Opinions

How an oil industry fiasco saved Kachemak Bay 40 years ago

HALIBUT COVE -- History sometimes branches in a moment that changes everything after. That happened 40 years ago this month, when an oil rig got hopelessly stuck in the mud in Kachemak Bay, near Homer, and had to be blasted free with explosives.

The rig, the George Ferris, had previously been blown up by James Bond in the closing scene of the film "Diamonds Are Forever," as Loren Flagg notes in his book "Fish, Oil & Follies," currently being excerpted by the Homer News.

The trouble in Homer in 1976 brought world attention to oil politics in the Alaska Legislature and vindicated fishermen who had been fighting oil drilling for three years politically and in court.

On Sunday, I visited Clem Tillion at his home here on the south side of the bay, to recall those events. When he was a state senator, the George Ferris fiasco gave him the support he needed to pass a bill that had seemed to have little hope -- buying back the leases and declaring Kachemak Bay a critical habitat area to be protected evermore.

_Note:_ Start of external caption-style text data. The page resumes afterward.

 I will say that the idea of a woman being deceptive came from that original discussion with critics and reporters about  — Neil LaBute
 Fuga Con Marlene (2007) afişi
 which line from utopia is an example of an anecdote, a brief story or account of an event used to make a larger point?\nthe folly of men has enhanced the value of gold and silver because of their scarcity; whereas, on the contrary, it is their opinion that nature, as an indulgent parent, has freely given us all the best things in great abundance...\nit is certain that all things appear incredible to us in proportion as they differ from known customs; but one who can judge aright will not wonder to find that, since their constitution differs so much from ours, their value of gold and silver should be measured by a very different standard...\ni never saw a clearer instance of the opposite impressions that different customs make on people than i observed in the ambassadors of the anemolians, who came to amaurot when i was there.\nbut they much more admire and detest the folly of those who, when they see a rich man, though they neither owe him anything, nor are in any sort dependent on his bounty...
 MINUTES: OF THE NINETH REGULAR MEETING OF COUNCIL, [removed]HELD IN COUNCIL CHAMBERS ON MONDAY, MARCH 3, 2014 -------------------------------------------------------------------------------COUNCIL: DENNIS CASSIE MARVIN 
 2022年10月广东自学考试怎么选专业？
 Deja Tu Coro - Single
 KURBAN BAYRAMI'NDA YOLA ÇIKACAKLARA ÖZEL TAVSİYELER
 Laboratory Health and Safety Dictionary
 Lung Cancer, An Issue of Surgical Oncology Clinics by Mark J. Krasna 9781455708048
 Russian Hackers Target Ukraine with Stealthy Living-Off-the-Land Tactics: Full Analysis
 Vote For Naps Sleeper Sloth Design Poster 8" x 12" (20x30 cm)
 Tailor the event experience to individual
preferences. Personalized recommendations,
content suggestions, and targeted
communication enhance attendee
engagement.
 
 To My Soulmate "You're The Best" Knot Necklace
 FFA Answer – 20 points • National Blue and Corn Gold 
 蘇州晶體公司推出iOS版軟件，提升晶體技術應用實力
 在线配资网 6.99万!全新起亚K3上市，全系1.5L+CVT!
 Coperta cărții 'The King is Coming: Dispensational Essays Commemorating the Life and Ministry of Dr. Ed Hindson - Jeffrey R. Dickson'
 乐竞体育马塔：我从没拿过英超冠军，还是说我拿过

The issue also helped elect Jay Hammond as our only conservation-oriented governor — and he became the father of the Permanent Fund. And it set Homer on the path to be the eco-tourism center it is today rather than an oil town.

Environmental organizations, just getting active in Alaska at the time, were on the sidelines of the fight, said Tom Kizzia, then editor of the Homer News. This was a battle between oil and fishing.

But the oil industry was its own worst enemy.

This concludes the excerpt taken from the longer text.